RANGERS manager Mark Warburton fears the early start to the new season has handicapped his side’s silverware prospects even before a ball is kicked.
The Light Blues boss has been busy rebuilding his squad ahead of the step up to the Premiership.
But he’s exasperated at having to deal with what he believes is an unnecessarily frantic opening schedule.
“People have spoken about the changes revitalising the League Cup. But, I honestly believe, the authorities have not spoken to football people about what’s best for football,” he said.
“We face four games in nine days: July 16, 19, 22, 25, with the hardest one, Motherwell in the League Cup, up first.
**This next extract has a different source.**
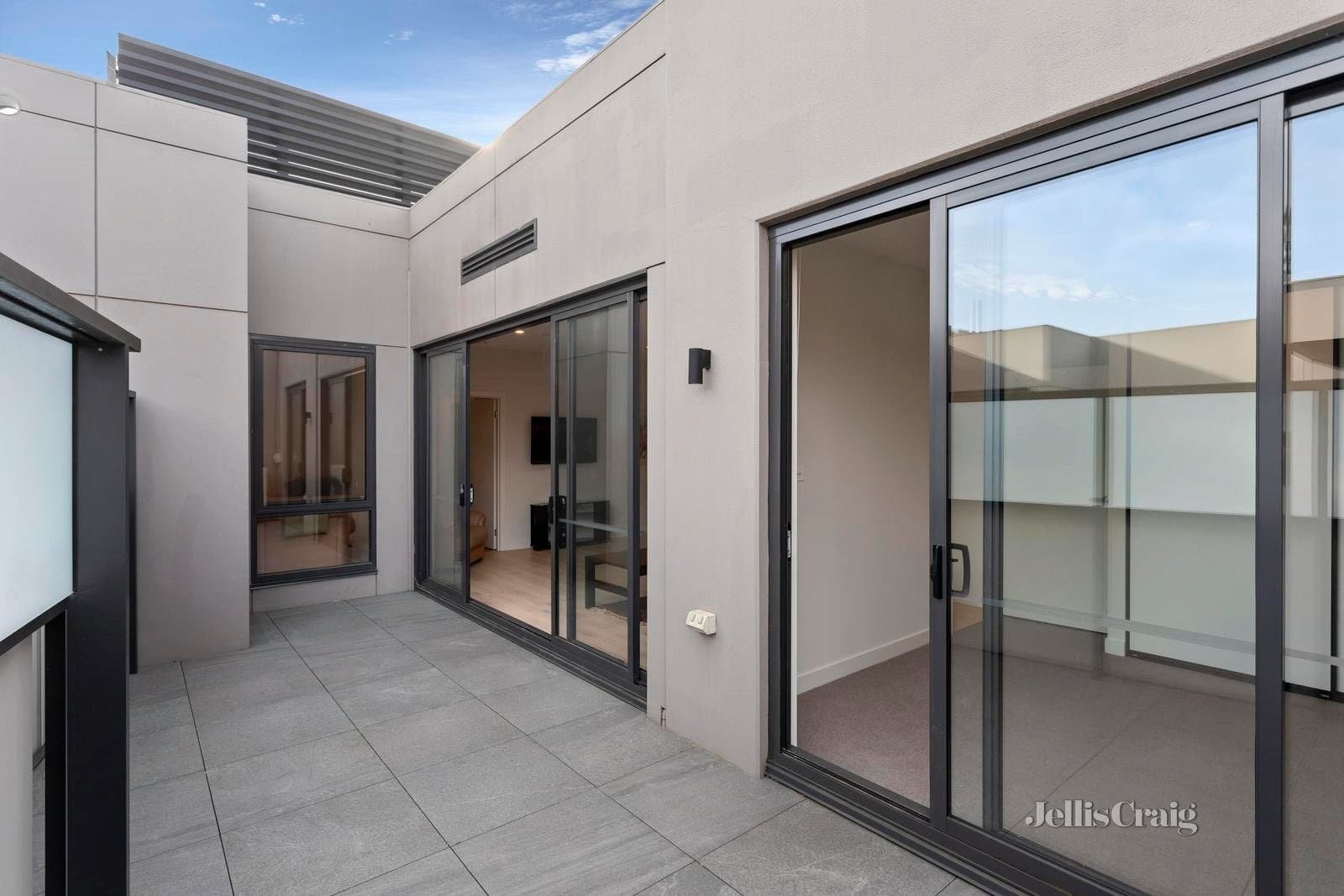 409/210 Reynolds Road, Doncaster East, Doncaster East - Image 1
Who could think that makes sense?
“People might point to our game against Charleston Battery in the US but it is a warm-up – just 45 minutes for two totally separate XIs.
“And then the next game is Motherwell! I just find it, for us, far from ideal. I’m being very polite saying that.
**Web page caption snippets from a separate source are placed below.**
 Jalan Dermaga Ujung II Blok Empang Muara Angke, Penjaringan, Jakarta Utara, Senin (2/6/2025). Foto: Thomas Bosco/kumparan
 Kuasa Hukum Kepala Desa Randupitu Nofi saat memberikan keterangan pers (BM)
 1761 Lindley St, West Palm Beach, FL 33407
“If these were four games over 18, 19 days, whatever, then I would understand it. No problem at all. But with the intensity of these games?
“The League Cup is a huge tournament and it is part of the Treble and Rangers, with the club’s history and tradition, need to compete for every competition they enter.
“I’m sure I’m not the only one saying this. There must be many other managers because Motherwell manager Mark McGhee and the other guys have the same problem.
“I hope very much I won’t be alone. I know I won’t be because managers have to look after their own clubs. But what do we do?
“I can’t change it, I don’t have the power to change it.
“What do Rangers fans expect? If I put an Under-19 or Under-20 side into one of these games, watch the reaction from the media, the authorities and fans.”
If that’s an extreme example of the options open to him, however unlikely they are to come to pass, Warburton is genuinely concerned.
“How is it going to work?” he said.
“I’ve got players arriving on July 1, others won’t join us until July 9. Therefore they will have four days with us before we play our first game – against a Premiership opponent.
“How do I bed in the team, bed in a back four? I don’t know.
“I can’t play the same team on the 16th that I play on the 19th, the 22nd or the 24th. And then we play Burnley.”
Meanwhile, the Rangers boss is looking forward to the opportunities the club’s American training camp will allow him to integrate new faces such as Croatian star Nico Kranjcar.
“We’re going out to the States tomorrow with 25 players, four of whom could be keepers, and we’ll look at what we have,” he said.
“Charleston is a great town, on the shore and a place which will allow some good down time for the players when they are not training, which is important.
“When players go away they are training three times a day. Can you imagine getting up in the morning and you run up a mountain? And when you get back to your bunk bed, you are lying there knowing in two hours, you’re going to run up a mountain? Then you get up and you run up that mountain?
“It’s the down time that kills the players, so we felt if we could improve that it would be a big help.
“When I was in Florida with Brentford the guys lay by the pool then trained hard again.
“They went shopping and bought their cheap iPads. So instead of talking about training in three-and-half hours’ time and worrying about getting battered again, they were talking about their iPads.”